È inutile discutere se dobbiamo aspettarci una, due o tre vittorie dai test internazionali che si disputano nelle prossime settimane.
L’obiettivo, certo, è vincere, ma innanzitutto c’è da capire quando, come e dove.
La vittoria sul Galles ci aveva proiettato fiduciosi verso gli esami di fine anno, Portogallo, Romania e Georgia ci hanno rimandato a novembre: vittoria molto stentata con il Portogallo, discreto riscatto con la Romania, brutto tonfo con la Georgia. Lo scorso autunno, non avevamo fatto meglio con l’Uruguay, 17-10 a Parma.
Il primo punto all’ordine del giorno, pertanto, è mostrare basi solide nel match con Samoa.

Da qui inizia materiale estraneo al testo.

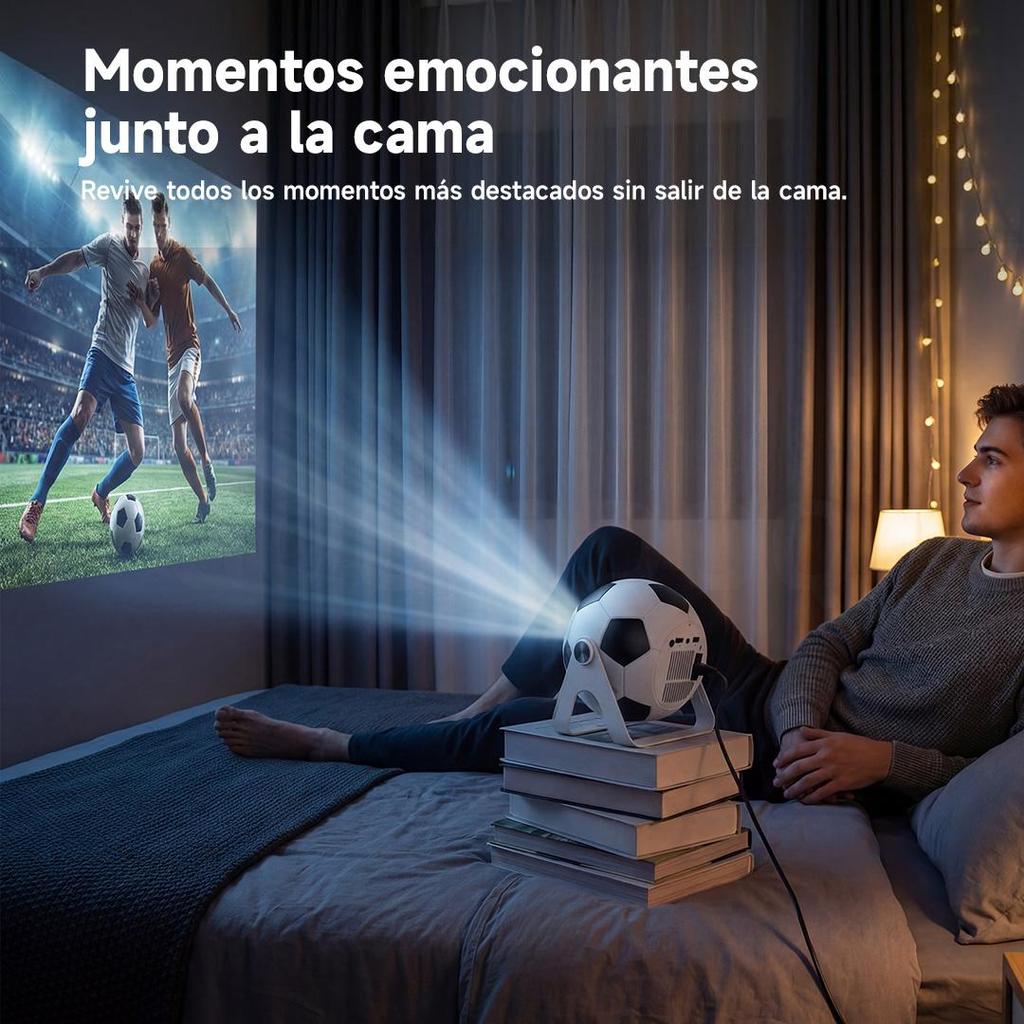 Miniproyector con Wi-Fi 6 y Bluetooth, proyector portátil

Samoa può essere squadra imprevedibile, dotata di grande estro e enormi doti fisiche, Va domata con ordine e razionalità. Così come venne fatto ad Ascoli nel 2014 e con le Fiji a Catania nel 2017 (19-10), ma non con Tonga a Padova nel 2016, la settimana dopo il successo sul Sudafrica.
Samoa ha vinto una sola volta in Italia, a L’Aquila nel 2001, 17-9 e, storicamente, più il punteggio complessivo del match è stato alto, più i samoani ne hanno tratto vantaggio: 42-18 a East London, ai Mondiali del 1995, 43-24 nel 2000 ad Apia, 39-10 a Nelspruit nel 2013.

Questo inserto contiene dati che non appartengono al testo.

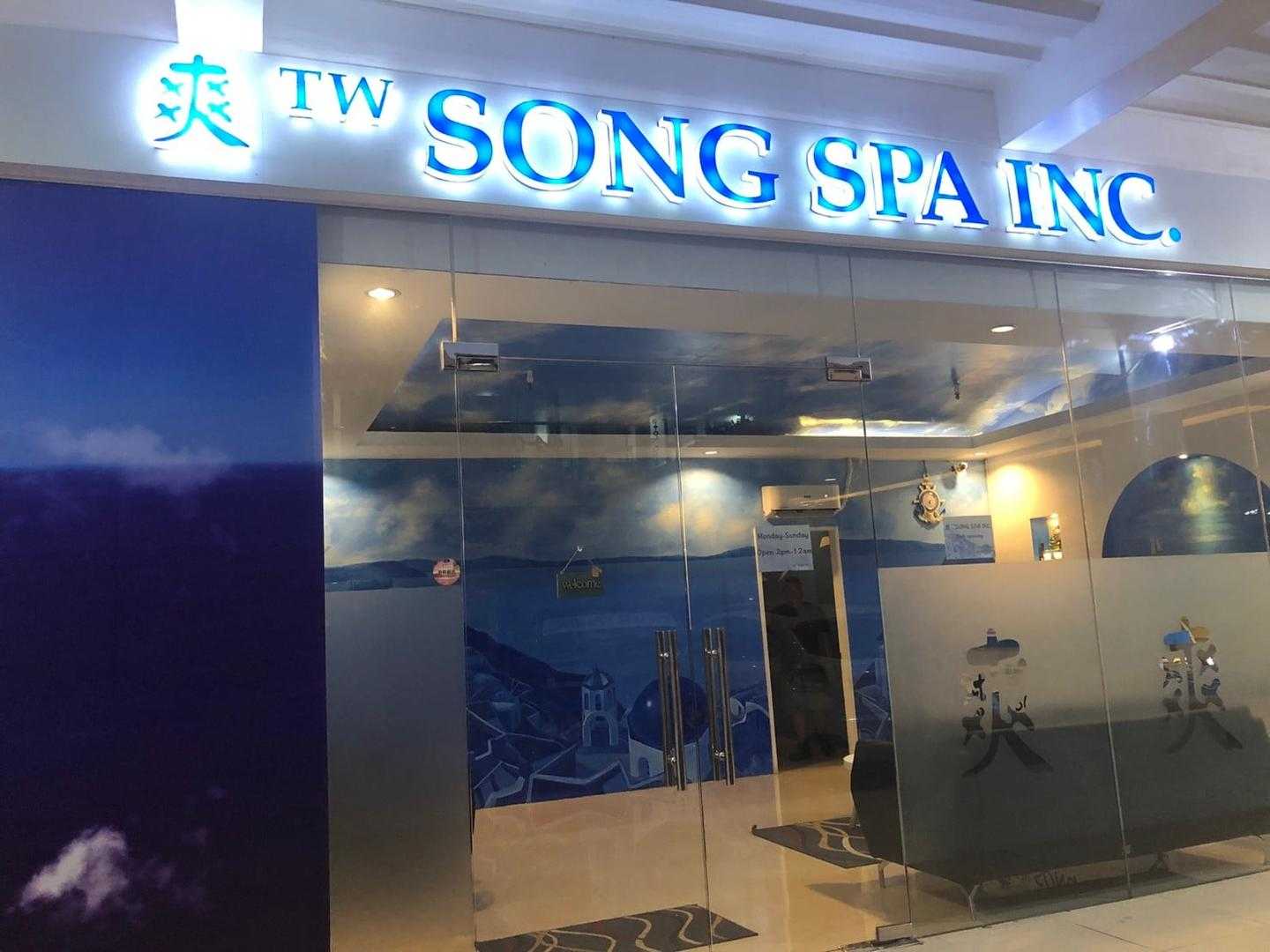 Cebu-TW Song Spa inc massage shop in Cebu, you can circle the area you want to strengthen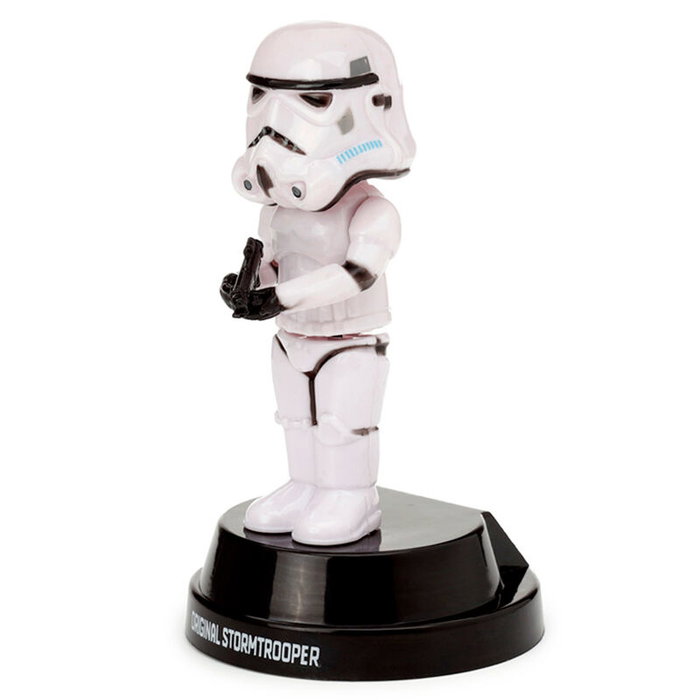 PUCKATOR Figurine solaire Imperial Stormtrooper Star Wars - Plastique - Dimensions: 13x7x7 cm PUCKATOR Figurine solaire Imperial Stormtrooper Star Wars - Plastique - Dimensions: 13x7x7 cm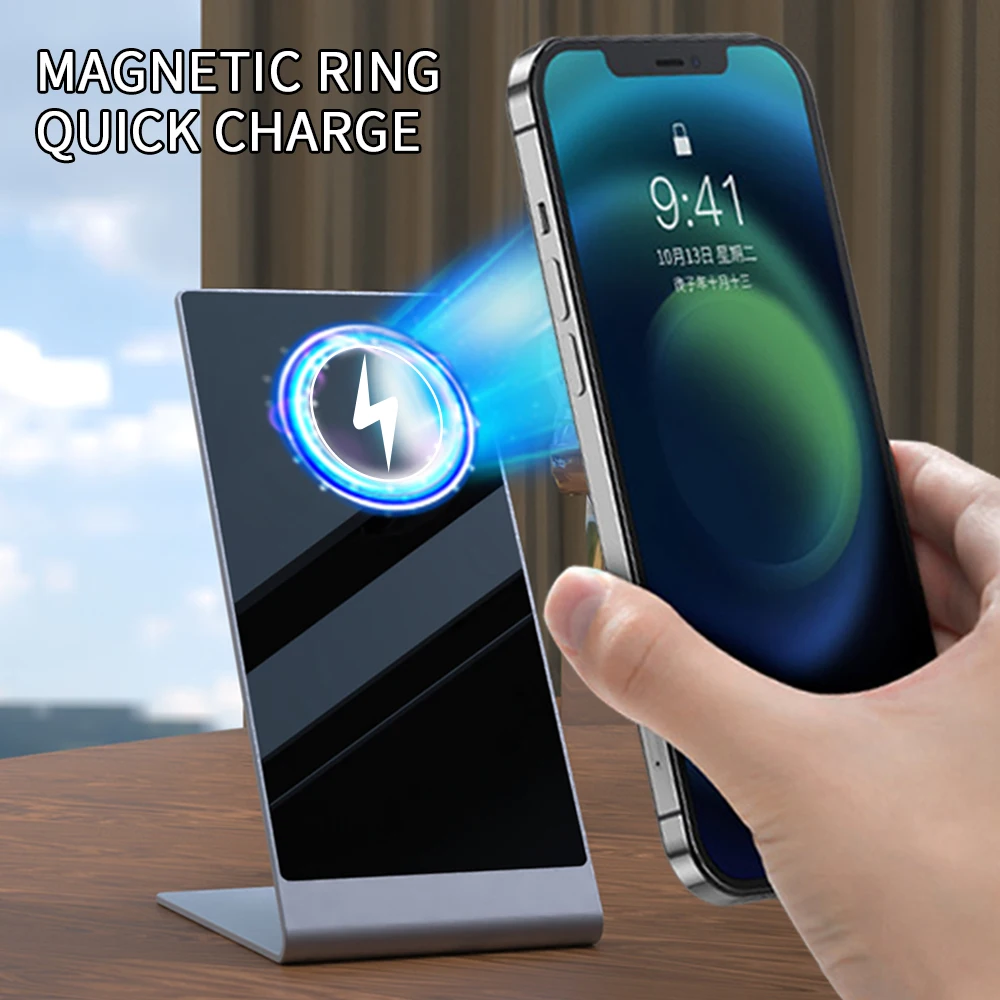 

15W 3 in 1 Wireless Charger Stand For iPhone 13 12 Pro Max Qi Fast Charging Dock Station For Apple Watch Induction Chargers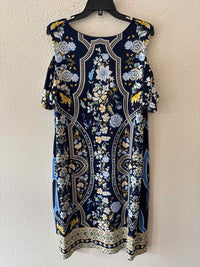 JM collection navy multi Size 2X Dress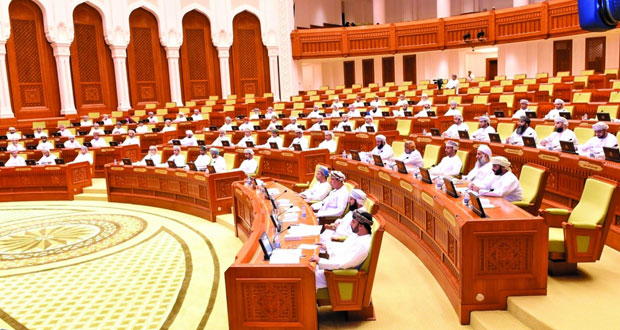 "الشورى" يبدأ اليوم الجلسة الأولى لدور الانعقاد السنوي الثاني من الفترة الثامنة بمجلس عمان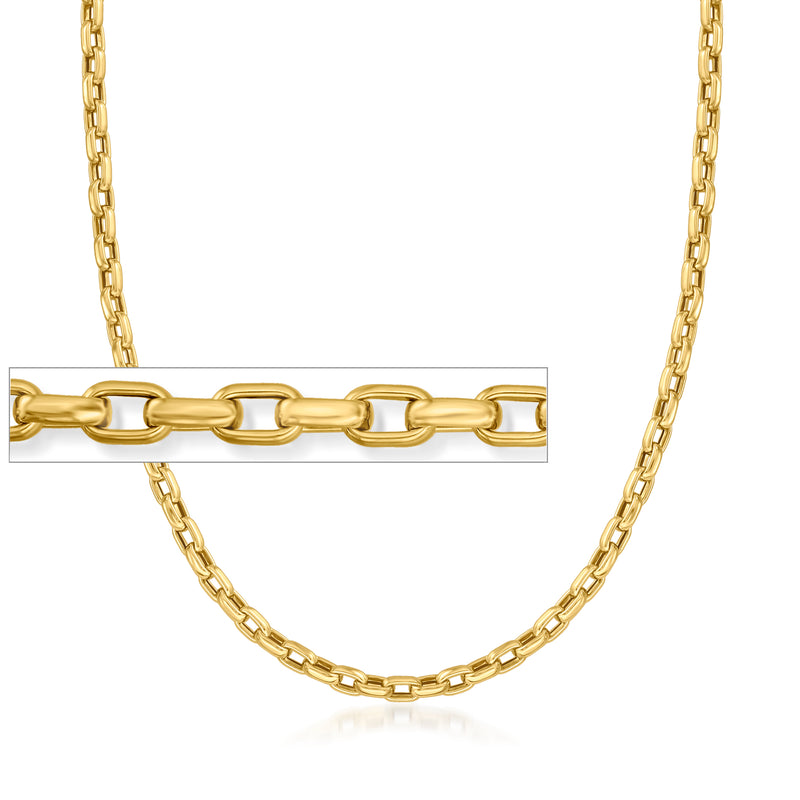 Roberto Coin 18kt yellow gold square-link chain necklace
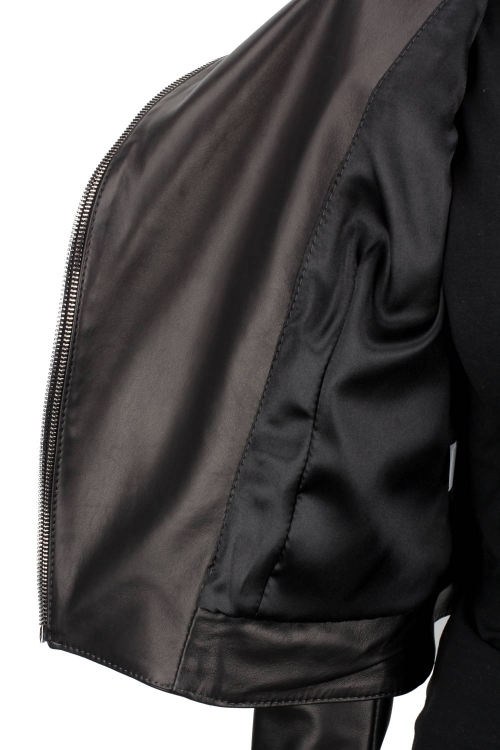 VIK450 - Ramoneska damska z ozdobnymi zamkami z satynową podszewką DORJAN 1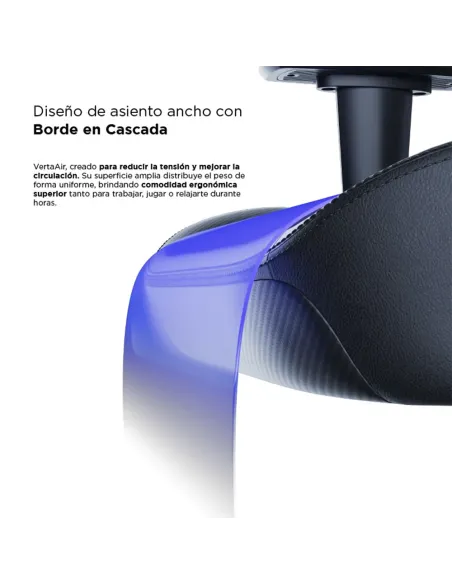 Vertagear SL3800 HygenX Carbon Black – silla gamer ergonómica compacta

Come con le Fiji a Catania, l’obiettivo della formazione di Crowley deve essere il controllo del gioco: possesso, territorio, sicurezza nelle fasi statiche. Contro Samoa bisogna evitare assolutamente di farsi coinvolgere nelle montagne russe di una partita dissennata, che loro sono maestri nel giocare sull’improvvisazione, l’uno contro uno, il contrattacco rapido dalla profondità sfruttando i buchi di una difesa mal piazzata.

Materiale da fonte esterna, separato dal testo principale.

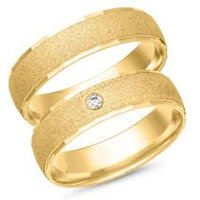 🦚 Trauringe 750er Gelbgold mit Diamant 🦚 Trauringe 750er Gelbgold mit Diamant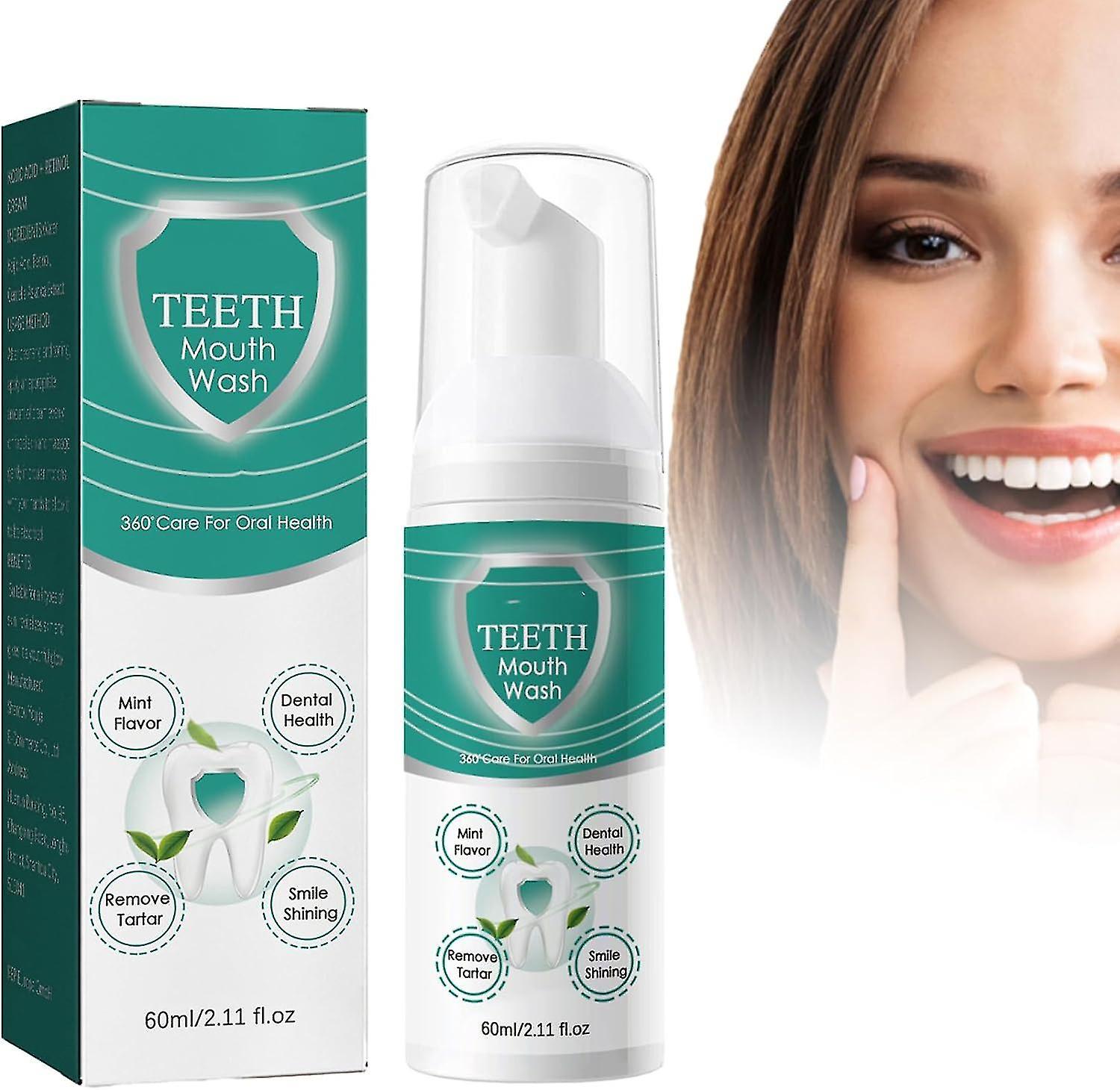 Clearv Teeth Mouthwash, Gum Therapy Gel, Teeth Aid Mouthwash, Teeth Foam, Calculus Removal, Eliminating Bad 1 Pcs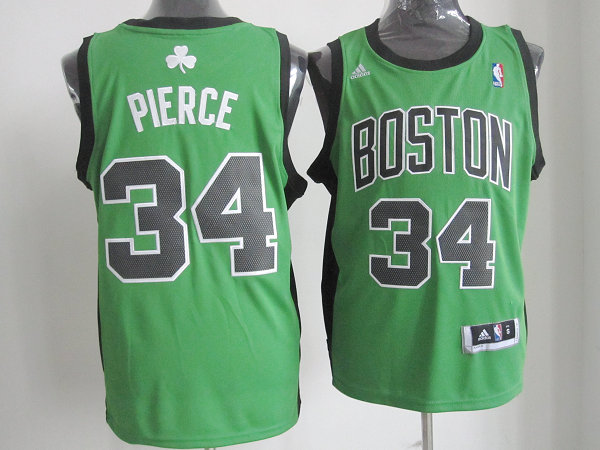 Celtics 34 Pierce Green&Black Jerseys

La stessa ricetta, accresciuta di qualche decibel di tono, andrà spesa con l’Australia. Che sarà pure parzialmente in crisi, ma possiede giocatori capaci in ogni momento di bucare la difesa di qualsiasi squadra. Ne sanno qualcosa gli All Blacks, che a Melbourne si erano visti rimontare un vantaggio di 18 punti prima del controverso finale.
Non bisogna dimenticare che la scorsa estate, nella Pacific Nations Cup, l’Australia A è stata battuta da Samoa a Sydney 26-31, quattro mete per gli australiani, cinque per i samoani, micidiali quando il gioco si apre.
Sulla carta i Wallabies non sono inarrivabili se affrontati con rigore collettivo. Samoa e Australia sono due squadre fuori dalla nostra portata per estro individuale: l’Italia dovrà dimostrare di aver compreso la lezione estiva e di non ripetere gli errori commessi contro Portogallo e Georgia.
Contro squadre classificate fra le prime quindici del Ranking (ossia senza contare Uruguay, Romania e Portogallo) gli Azzurri durante la gestione Crowley hanno segnato in media circa una meta a partita e ne hanno subite cinque.
È evidente che è da qui che bisogna partire, visto che in questo mese di novembre affronteremo tutte formazioni che ci precedono nella graduatoria mondiale. Difesa ordinata, fasi statiche solide, gioco al piede accurato, capacità di conservare il possesso e la lucidità anche sotto pressione. Se l’Italia ha maturato queste doti, è ora di mostrarle in mondovisione.
La partita con il Sudafrica è un discorso a parte, benché la trasferta di Genova, per gli Springboks, sia compressa tra due match difficilissimi: con la Francia e con l’Inghilterra a Twickenham.
Contro gli Azzurri, Nienaber e Erasmus potrebbero optare per far riposare qualche titolare. Ma è difficile pensare che il livello d’intensità dei sudafricani cali in assenza di qualche giocatore.
Il Sudafrica in questo momento è la squadra al numero tre del mondo e propone una sfida fisica difficilmente sostenibile per chiunque non abbia lo stesso peso specifico.
Kieran Crowley ha detto di puntare innanzitutto sulla prestazione, che non deve essere diversa in relazione all’avversario. Speriamo.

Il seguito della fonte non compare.